Copy each entry below unchanged; the images do not go in the copy.

Scraped caption text data:
________

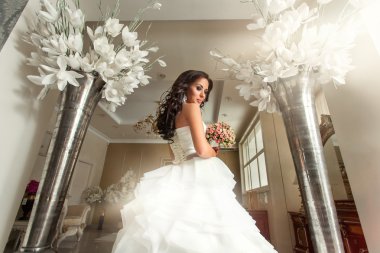 Lüks yer gelinlikle beyaz gelin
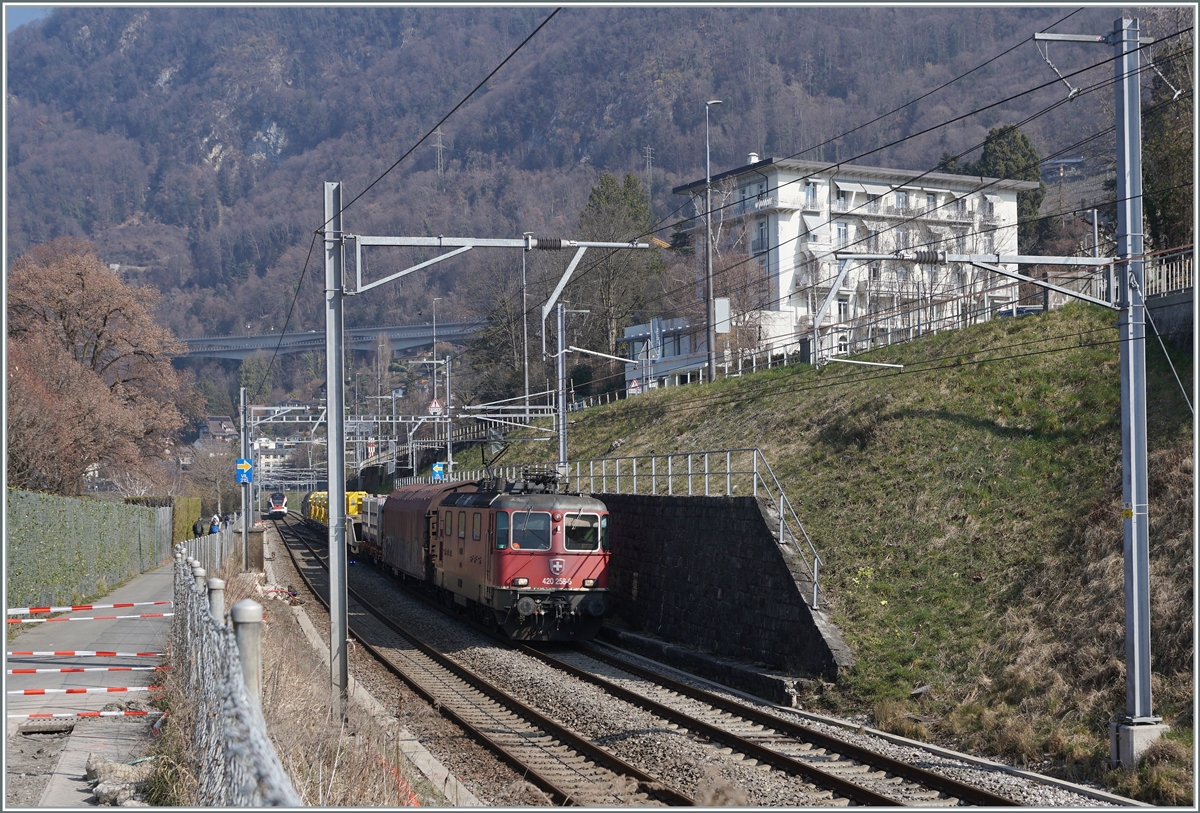 The SBB Re 4/4 II 11258 (Re 420 258-4) wiht a Cargo Train in Villeneuve. 

07.03.2022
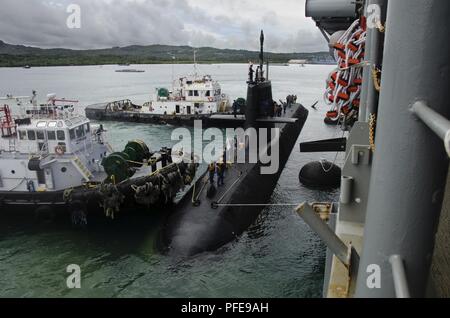 POINT POLARIS, Guam (10 juin 2018) - le Japon d'autodéfense maritime sous-mariniers moor le sous-marin JS Soryu (SS-501) aux côtés des offres sous-marin USS Frank (40) pour un touch-and-go, le 10 juin de l'exercice. Frank, l'avant-déployé à Guam, réparations, réarme et reprovisions U.S. Naval Forces déployées dans la région Indo-Pacifique. Banque D'Images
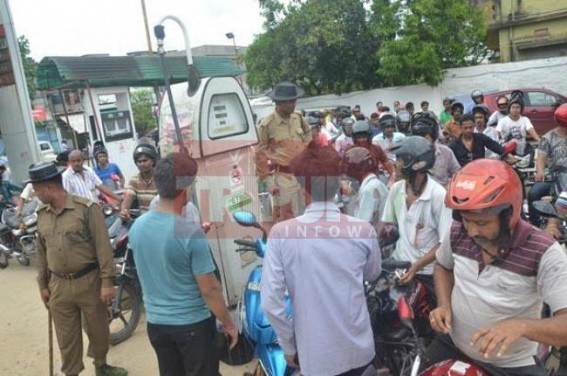 Tripura Rations Fuel supply as condition of NH44 worsens
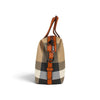 Sac à main Maison Taïga Élégance à motif tartan beige et noir avec finitions en cuir marron, vue de profil.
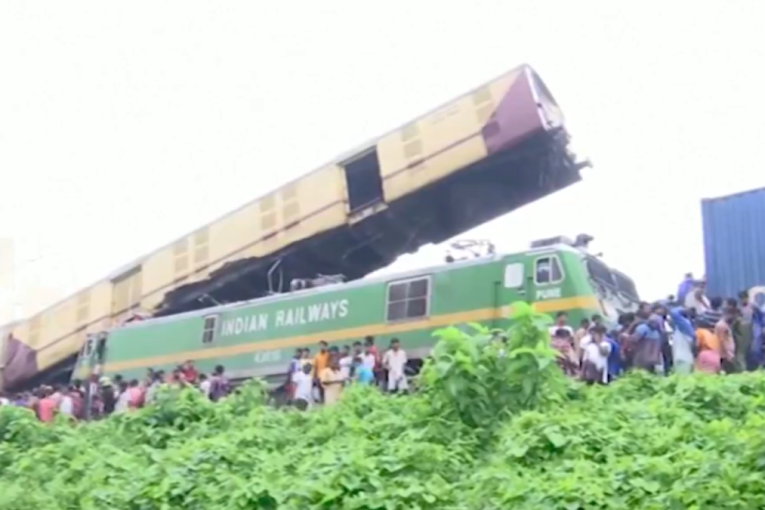 Stravičan udes na pruzi! Teretni voz se nasuk'o na putnički, 13 ljudi poginulo (VIDEO)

________

Response box:
 Lüks yer gelinlikle beyaz gelin
 The SBB Re 4/4 II 11258 (Re 420 258-4) wiht a Cargo Train in Villeneuve. 

07.03.2022
 POINT POLARIS, Guam (10 juin 2018) - le Japon d'autodéfense maritime sous-mariniers moor le sous-marin JS Soryu (SS-501) aux côtés des offres sous-marin USS Frank (40) pour un touch-and-go, le 10 juin de l'exercice. Frank, l'avant-déployé à Guam, réparations, réarme et reprovisions U.S. Naval Forces déployées dans la région Indo-Pacifique. Banque D'Images
 Tripura Rations Fuel supply as condition of NH44 worsens
 Sac à main Maison Taïga Élégance à motif tartan beige et noir avec finitions en cuir marron, vue de profil.
 Stravičan udes na pruzi! Teretni voz se nasuk'o na putnički, 13 ljudi poginulo (VIDEO)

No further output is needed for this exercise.